## The problem:
Please transcribe the entries exactly and omit the images they contain.

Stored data
______

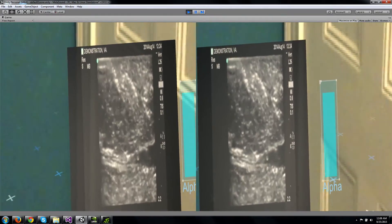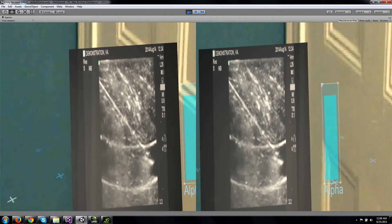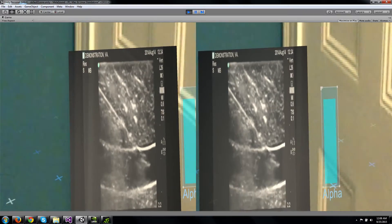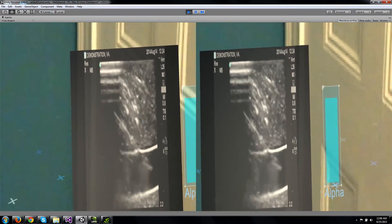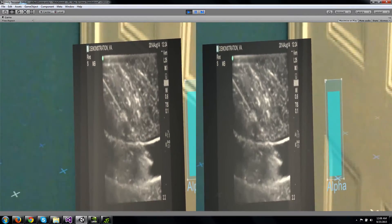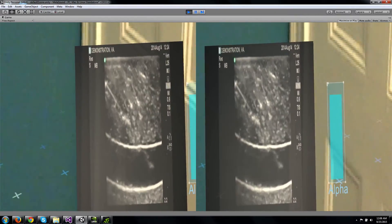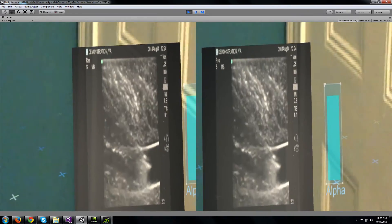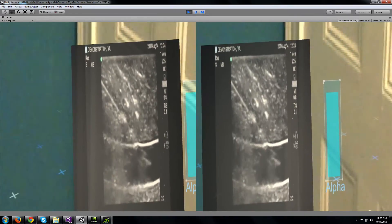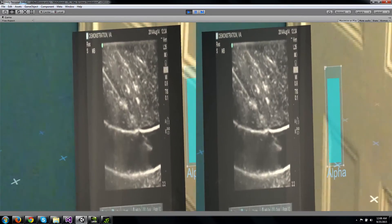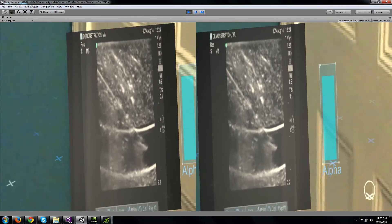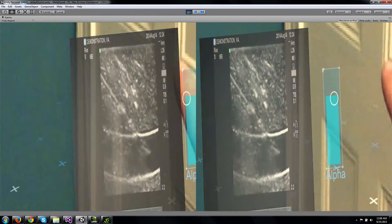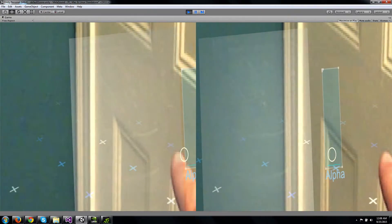Hello, this is Jeff Bale. I've been working with the Meta Workshop here in Boston, and in just a day's work, I've put together a little bit of an ultrasound demonstration, and in this application, I can reach out and control the alpha transparency of my ultrasound image here.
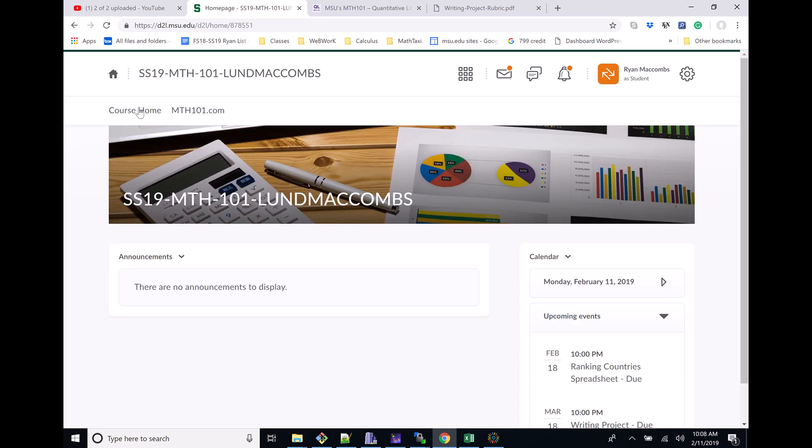That's the naming and the actual uploading to D2L. I hope you've enjoyed it. If you have any questions, feel free to send me an email or your TA an email. Otherwise, have a great day. I'll see you out there.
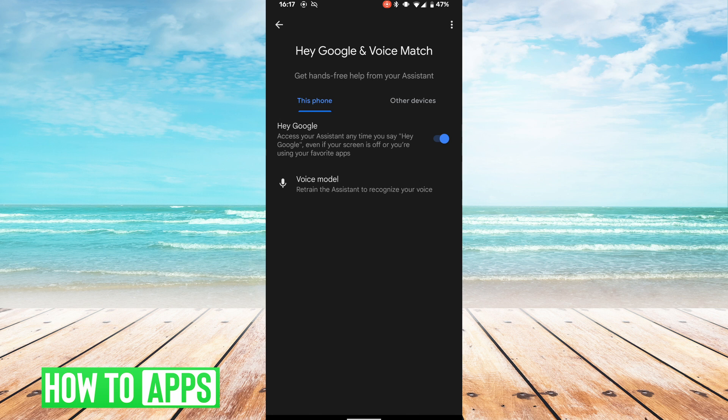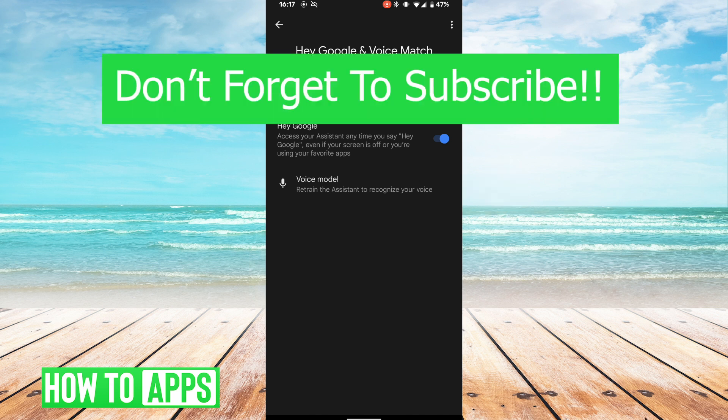If you need to train the assistant to recognize your voice, you can go ahead and click voice model, and your Google assistant will recognize your voice.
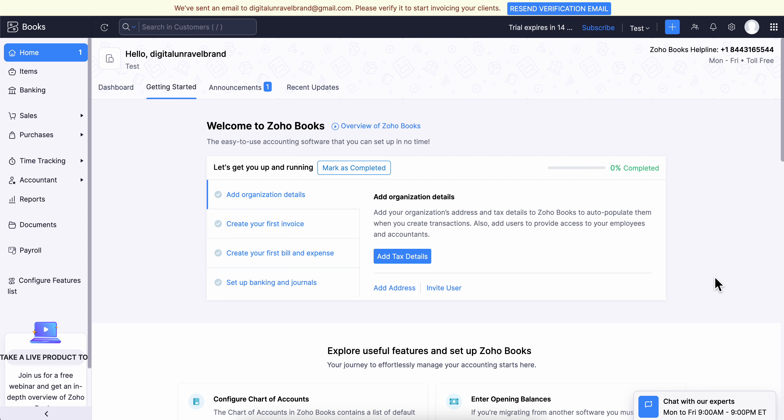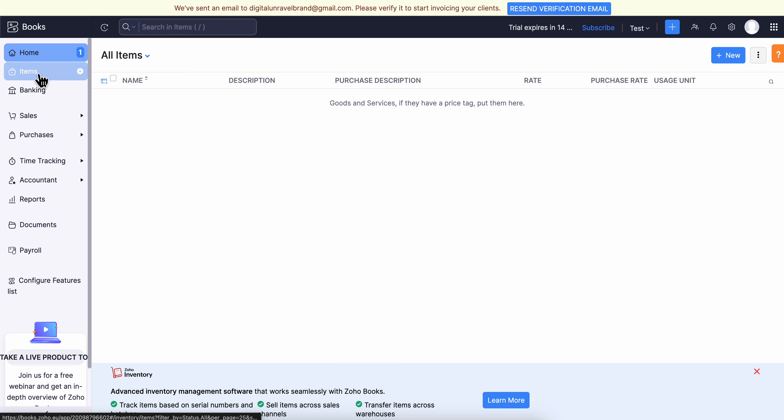How to add items in Zoho Books. The first step is to go to Zoho Books and click on Items.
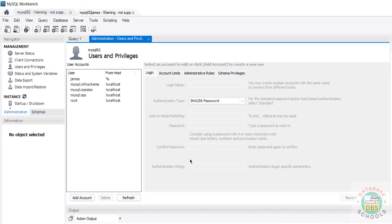So in this video, we have seen how to download, install, and configure MySQL 9.2 on Windows 11 operating system. We also saw how to install MySQL Workbench and connect to MySQL server. For more MySQL tutorials, please subscribe to my channel. Thank you.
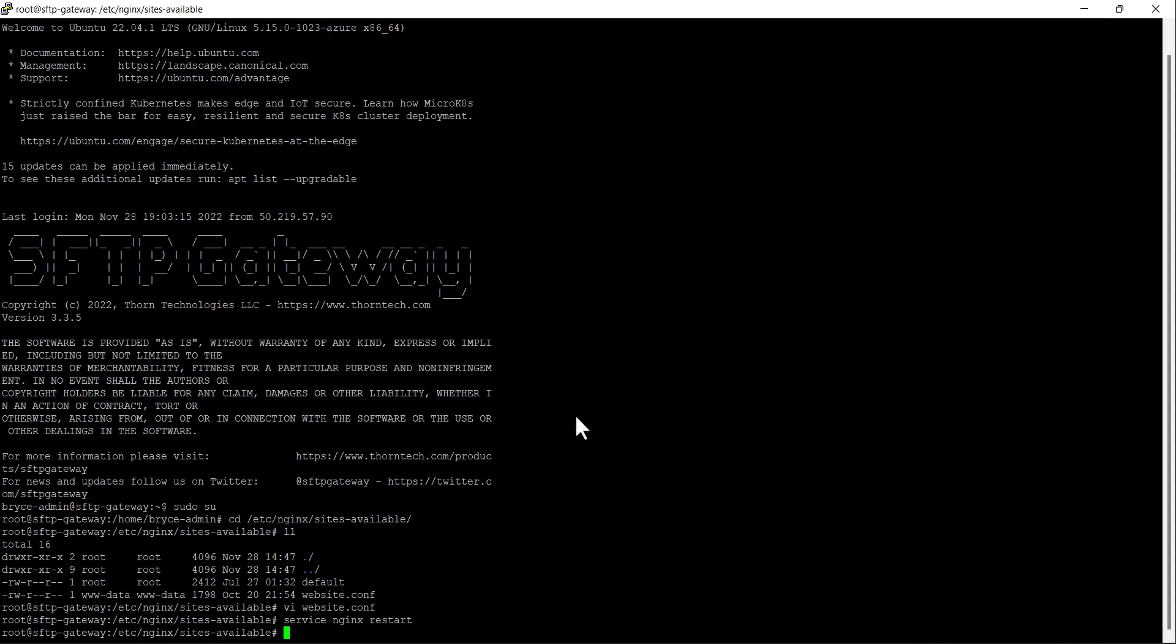We will now run the command to install Let's Encrypt, otherwise known as certbot. Run the command snap install --classic certbot.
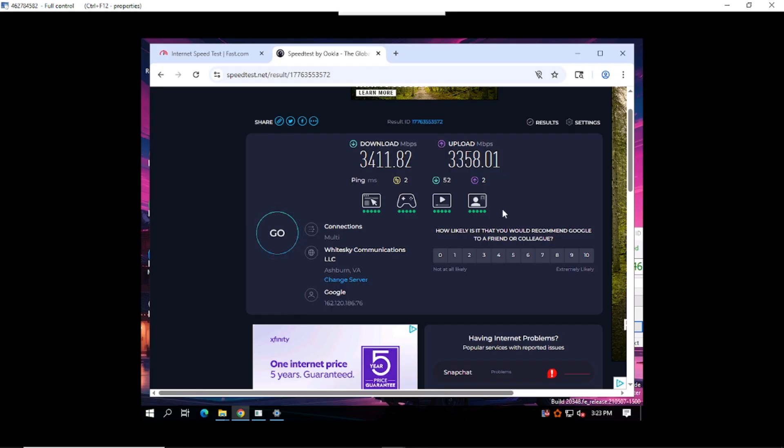Congratulations. Enjoy an amazing experience with your RDP server. Don't forget to share the video with your friends. Like and subscribe as well. Watch out for the next video.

______

## Written reply:
Hello, this is Jeff Bale. I've been working with the Meta Workshop here in Boston, and in just a day's work, I've put together a little bit of an ultrasound demonstration, and in this application, I can reach out and control the alpha transparency of my ultrasound image here.
That's the naming and the actual uploading to D2L. I hope you've enjoyed it. If you have any questions, feel free to send me an email or your TA an email. Otherwise, have a great day. I'll see you out there.
If you need to train the assistant to recognize your voice, you can go ahead and click voice model, and your Google assistant will recognize your voice.
How to add items in Zoho Books. The first step is to go to Zoho Books and click on Items.
So in this video, we have seen how to download, install, and configure MySQL 9.2 on Windows 11 operating system. We also saw how to install MySQL Workbench and connect to MySQL server. For more MySQL tutorials, please subscribe to my channel. Thank you.
We will now run the command to install Let's Encrypt, otherwise known as certbot. Run the command snap install --classic certbot.
Congratulations. Enjoy an amazing experience with your RDP server. Don't forget to share the video with your friends. Like and subscribe as well. Watch out for the next video.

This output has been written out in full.